Bullet Train: Two Smoking Brain Cells, by David Bax
Somehow, the standard for comedy in major studio pictures has sunk so low that a jaded “Really?” can completely take the place of an actual joke or retort and audiences don’t riot. It’s easy to blame the early-MCU Favreau/Whedon movies for this but really it’s the fact that, over a decade ago, people saw a kind of disaffected quippiness actually work in those movies and thought it would be easy to replicate. And we let them off the hook! Anyway, that’s about the level of humor you can expect from the entirety of David Leitch‘s new action “comedy,” Bullet Train.
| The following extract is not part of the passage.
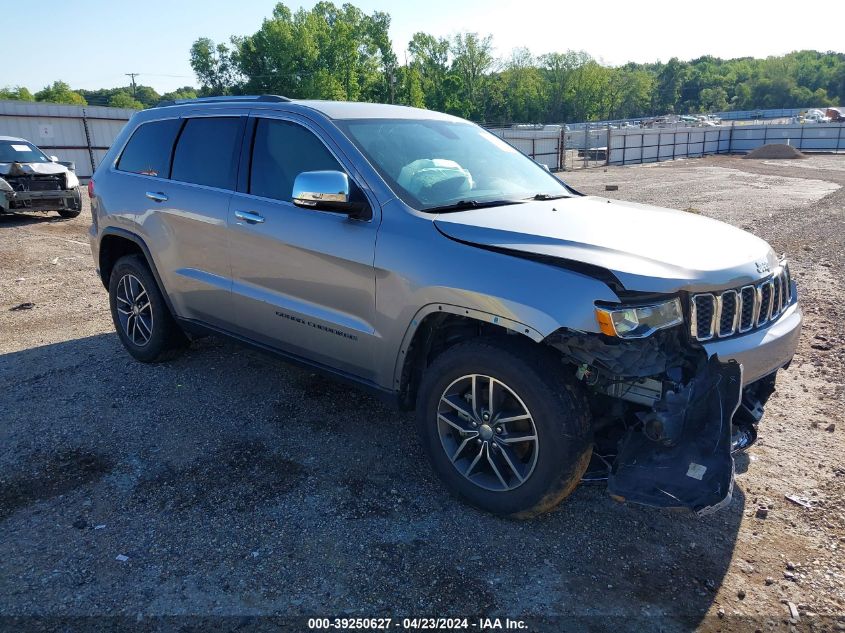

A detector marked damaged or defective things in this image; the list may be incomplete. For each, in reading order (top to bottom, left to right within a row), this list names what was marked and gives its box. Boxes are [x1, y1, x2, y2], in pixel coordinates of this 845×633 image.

damaged white vehicle [0, 135, 82, 217]
front-end collision damage [552, 328, 748, 512]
Take that lazy self-satisfaction and mix it with a candy colored aesthetic and a few CGI drums of CGI blood and the end result is almost perfectly obnoxious. At 127 minutes, Bullet Train is too long. But it feels like it’s hours too long.
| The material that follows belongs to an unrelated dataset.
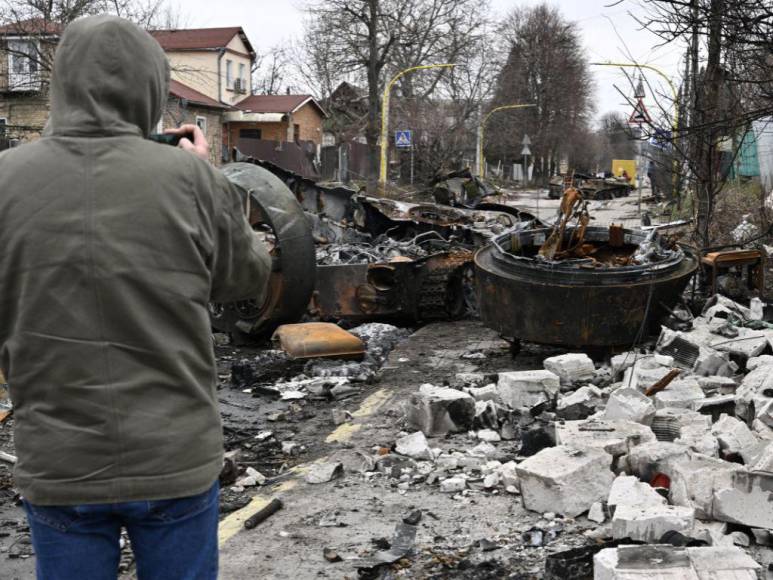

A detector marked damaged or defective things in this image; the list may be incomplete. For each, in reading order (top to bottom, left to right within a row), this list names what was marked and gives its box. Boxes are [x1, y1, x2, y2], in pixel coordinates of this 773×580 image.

burned wreckage [211, 156, 700, 352]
With its loquacious (and often British) criminals with their own intersecting and overlapping missions, Bullet Train is most immediately identifiable as a retread of the movies that made Guy Ritchie famous, like Snatch and Lock, Stock and Two Smoking Barrels as well as their many imitators. The character introductions, each of which include a graphic title announcing “The Elder,” “The Wolf,” “The Hornet,” etc. are particularly reminiscent of this era. But Ritchie himself was very obviously inspired by the talkative killers in Quentin Tarantino‘s Reservoir Dogs and Pulp Fiction. That filmmaker’s popular culture-referencing influence is obvious here too, especially with the surprisingly prevalent discussion of Thomas the Tank Engine.
Bullet Train is, for the most part, an ensemble. But there is one clear lead, Brad Pitt‘s Ladybug. His quirk (everybody’s gotta have one!) is peppering his speech of bits of therapized self-care pablum. He’s trying to become more enlightened about his life as a career criminal/murderer. This is how we arrive at the closest thing the movie has to a theme, the invocation of concepts such as fate, karma and luck. But the screenplay (adapted by Zac Olkewicz from the book by Kôtarô Isaka) doesn’t have anything to say about these ideas. They’re just sprinkled throughout to try to keep the whole thing together.
After being an uncredited co-director on John Wick, Leitch first official feature was 2017’s Atomic Blonde. That movie worked, perhaps partially because it didn’t try to be funny but more so because it was full of skilled, creative fight choreography, often presented in long takes (or faked long takes with invisible cuts) that allowed you to see it all unfold. Bullet Train, on the other hand, has short bursts of action which play out in quick cuts that obscure what’s happening and are often assisted by cartoonish CGI. It doesn’t work as an action movie any better than it works as a comedy.
It would be dishonest of me, though, to pretend that there was nothing whatsoever that I liked about Bullet Train. The costumes, by Sarah Evelyn, are very cool.